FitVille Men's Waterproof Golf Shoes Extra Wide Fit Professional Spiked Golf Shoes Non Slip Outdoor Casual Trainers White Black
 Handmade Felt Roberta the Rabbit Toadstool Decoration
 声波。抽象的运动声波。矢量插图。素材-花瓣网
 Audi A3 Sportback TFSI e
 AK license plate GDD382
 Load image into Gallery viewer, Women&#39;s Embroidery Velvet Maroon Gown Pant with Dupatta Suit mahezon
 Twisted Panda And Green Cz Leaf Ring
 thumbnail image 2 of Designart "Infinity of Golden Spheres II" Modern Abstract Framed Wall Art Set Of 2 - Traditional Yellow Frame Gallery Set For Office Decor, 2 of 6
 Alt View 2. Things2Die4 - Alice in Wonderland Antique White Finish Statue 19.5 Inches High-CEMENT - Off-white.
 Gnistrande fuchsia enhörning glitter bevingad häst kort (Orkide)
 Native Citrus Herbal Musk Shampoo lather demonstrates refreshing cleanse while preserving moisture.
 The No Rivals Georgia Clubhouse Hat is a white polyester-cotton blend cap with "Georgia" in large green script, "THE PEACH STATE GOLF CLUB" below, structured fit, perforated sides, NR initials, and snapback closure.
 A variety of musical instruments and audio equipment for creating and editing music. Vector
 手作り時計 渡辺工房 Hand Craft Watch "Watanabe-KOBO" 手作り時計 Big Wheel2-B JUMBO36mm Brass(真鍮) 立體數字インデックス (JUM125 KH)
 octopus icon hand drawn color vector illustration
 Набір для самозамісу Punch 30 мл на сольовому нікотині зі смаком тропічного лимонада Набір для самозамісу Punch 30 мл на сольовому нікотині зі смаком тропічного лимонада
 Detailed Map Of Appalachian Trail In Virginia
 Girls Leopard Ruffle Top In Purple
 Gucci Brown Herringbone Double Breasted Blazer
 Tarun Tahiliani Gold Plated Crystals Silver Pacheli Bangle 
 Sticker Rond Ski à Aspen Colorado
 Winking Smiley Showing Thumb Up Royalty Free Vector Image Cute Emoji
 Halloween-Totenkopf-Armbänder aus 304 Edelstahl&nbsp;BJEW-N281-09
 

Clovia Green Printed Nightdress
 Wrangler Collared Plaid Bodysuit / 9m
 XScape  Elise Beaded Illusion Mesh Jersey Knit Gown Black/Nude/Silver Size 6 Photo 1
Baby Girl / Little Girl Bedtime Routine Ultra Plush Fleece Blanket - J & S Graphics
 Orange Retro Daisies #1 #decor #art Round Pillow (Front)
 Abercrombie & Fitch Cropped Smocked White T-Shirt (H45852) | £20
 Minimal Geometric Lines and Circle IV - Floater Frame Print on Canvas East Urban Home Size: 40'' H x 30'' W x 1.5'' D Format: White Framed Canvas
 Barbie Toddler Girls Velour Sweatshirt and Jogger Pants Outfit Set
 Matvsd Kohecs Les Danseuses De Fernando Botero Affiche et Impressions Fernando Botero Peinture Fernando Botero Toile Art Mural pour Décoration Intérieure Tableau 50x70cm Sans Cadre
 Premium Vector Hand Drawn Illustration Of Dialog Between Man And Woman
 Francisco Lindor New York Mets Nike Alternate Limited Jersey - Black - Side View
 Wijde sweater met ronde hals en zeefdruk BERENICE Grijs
┄┄┄┄┄┄┄┄┄┄┄┄┄┄┄┄┄┄┄┄
Report, from the entries above, each line where "Girls" is found.

 Girls Leopard Ruffle Top In Purple
 Barbie Toddler Girls Velour Sweatshirt and Jogger Pants Outfit Set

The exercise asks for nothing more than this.